The Sunday Times - Money Comment 05/07/09

Posted by Jill Kerby on July 05 2009 @ 21:14


Unlike the households of Ireland, the government believes there is no urgency in cutting its cloth to suit its measure:  according to the Taoiseach, the long awaited An Bord Snip Nua report is only going to be considered by the Cabinet ‘sometime later this month and then debated by the Dail when they get back from their long summer holiday next September.


Families everywhere have been slashing their budgets since our economic tsunami hit last autumn.  Now, despite all the uncertainty about unemployment, higher income taxes and the dreaded property tax in the next budget, we’ve been given the entire summer as well over which to fret about what might be in the An Bord Snip Nua report. 

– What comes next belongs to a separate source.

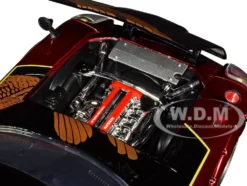 1972 Datsun 240Z Black and Red Metallic with Graphics Fast X 2023 Movie Fast & Furious Series 1/24 Diecast Model Car Jada 34916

One cut that is likely, and will affect every family with children, will be the universal child benefit, currently paid to 600,000 – mainly – mothers at a total cost of €2.5 billion. 


The first two children (via the parent) receives €166 a month and the third and subsequent child, €203. The parent with three children therefore receives €535 a month or €6,420 a year, tax-free.  If they earned this money gross and were in the tax net – a possible recommendation -  they’d be paying either €107 a month or €1,284 at the standard 20% rate, or €219.35 a month or €2,633.20 per annum at the marginal, 41% tax rate.  


In a tiny country like Ireland, means testing or taxing child benefit should have been in place from the start. But politicians love to be loved, and a universal child benefit is a way to look like you’re doing something for the children of the nation, even if what you are really doing is trying to buy their parent’s vote. (Especially if you increase the benefit by 266% between 2000 and 2009.)  


A €6,420 untaxed child benefit for a parent of three is a pretty substantial bribe, whether you’re  living entirely on social welfare benefits or earning a typical middle class income of €50,000 or €60,000.  The only constituency that didn’t benefit at all of course, were the childless, who I expect are watching to see An Bord Snip’s comments about CB with great interest. 


If they recommend taxing the benefit at either the standard 20% rate for all, which would return it to 2004 levels, or at the parent’s highest rate (41%), it’s going to be a major administrative headache for the overstretched staff of the DSFA who will have to identify those parents who qualify and those who are exempt and for employers and the Revenue who will have to collect and implement the tax.  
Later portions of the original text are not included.